Les activités corporatives de la Ville de Trois-Rivières ont augmenté son émission de gaz à effet de serre de 8,5% en dix ans.
Les activités corporatives de la Ville de Trois-Rivières ont augmenté son émission de gaz à effet de serre de 8,5% en dix ans.

Malgré ses efforts, Trois-Rivières a augmenté ses émissions en 10 ans

Trois-Rivières — L’émission de gaz à effet de serre liée aux activités corporatives de la Ville de Trois-Rivières a augmenté de 8,5% entre 2008 et 2018. C’est là le constat qui est fait par la Ville, qui a publié la mise à jour de l’inventaire de gaz à effet de serre, permettant pour la première fois un comparatif sur une aussi longue période. Un résultat surprenant puisque la Ville avait, durant cette période, ciblé une réduction de 7%.

Le rapport démontre en effet qu’entre 2008 et 2018, les émissions provenant des activités corporatives de la Ville sont passées de 13 125 à 14 243 tonnes de gaz à effet de serre.

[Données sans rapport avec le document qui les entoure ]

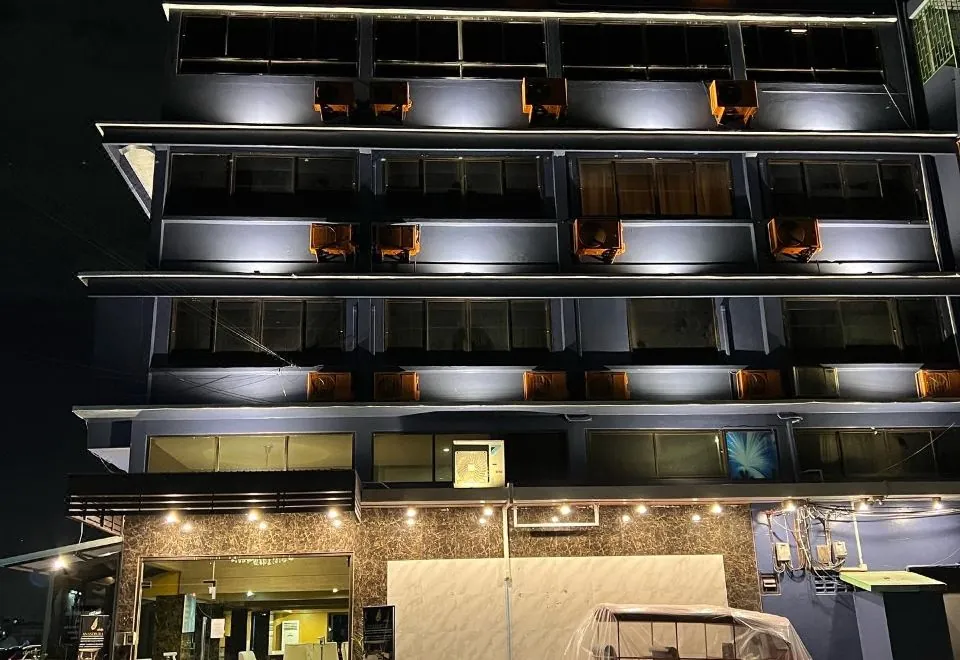 Anandpura Riverside Hotel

«Durant cette période, la Ville a pourtant entrepris de nombreuses actions pour réduire ses GES», indique l’administration municipale dans un communiqué. Parmi ces actions, on note l’élimination des systèmes de chauffage à l’huile dans les bâtiments municipaux, l’optimisation des opérations de déneigement, la conversion de plus de 9000 luminaires de rue au DEL, de même que la réduction de la dimension des véhicules municipaux.

La Ville explique ces résultats par trois raisons principales. D’abord, la rigidité de l’hiver 2018 a entraîné une augmentation marquée de la consommation de gaz naturel pour le chauffage des bâtiments, soit plus de 26% par rapport à 2008. On dit aussi avoir eu du mal à implanter certaines mesures vertes à grande échelle, en raison par exemple de l’autonomie des véhicules électriques qui ne répond pas aux besoins de la Ville.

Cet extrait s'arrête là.